Артель дружна и крепка: обидеть одного — заставить мстить всех; тайн здесь ни у кого нет — все по-деревенски, попросту, нараспашку: домашние письма читаются вслух, при всех, и желающие могут приходить, слушать, давать советы. Захворает кто — артельный объявляет хозяину, и артель везет больного на общие деньги в больницу; умрет больной — и в могилу провожают его на артельные же деньги, и на них же один раз совершают панихиду. В большие праздники, а нередко и по воскресеньям у порядочной артели на столе — ведро или полведра вина, смотря по количеству паевщиков. В некоторых даже бывали трубки артельные, но всегда и во всех собака и кот, вечно сытые и раскормленные до последних пределов.

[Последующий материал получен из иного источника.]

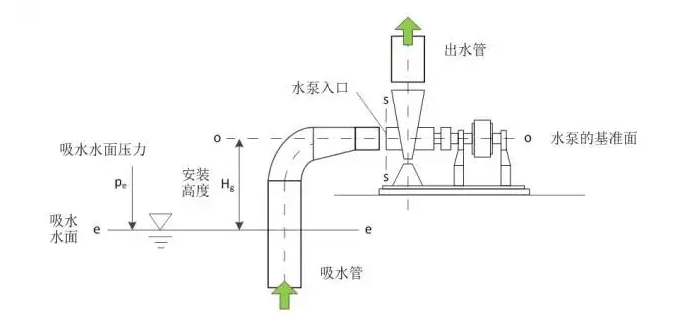 beat365手机网页版入口-beat(中国)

С ранним светом дня, с топорами за поясом, пилами, рубанками, скребками, бурачками, плотники плетутся на урок. При спешной работе завтракают там, но всегда обедают на квартире в ранний полдень. Шабашное время отдыха у них коротко, плотник отдыхает на переходах; вечерняя работа продолжается до сумерек, когда всякий петербургский житель может встретить около Сенной (плотники почему-то особенно полюбили это место) целую ораву таких молодцов, крайне разговорчивых на своем так называемом суздальском наречии (плотник из губернии к югу от Москвы замечательная редкость).

У всех под мышками щепы: у одних побольше, у других поменьше; бойкий и загребистый не прочь захватить целый кряж, если только под силу дотащить его до квартиры. Щепы эти важны в домашней экономии плотничьей артели, которая никогда не покупает дров. Щепами отопляет она квартиру, на щепах же готовится артельная пища, для чего всегда бывает нанята кухарка на артельные деньги. На обязанности дневального — чередового — сходить в лавочку за квасом, зайти по пути к хлебопеку; потому-то дневальный в свой день не берет топора в руки, прибирая квартиру, нары и проч. Он же носит и завтрак на работу, когда потребуют того обстоятельства.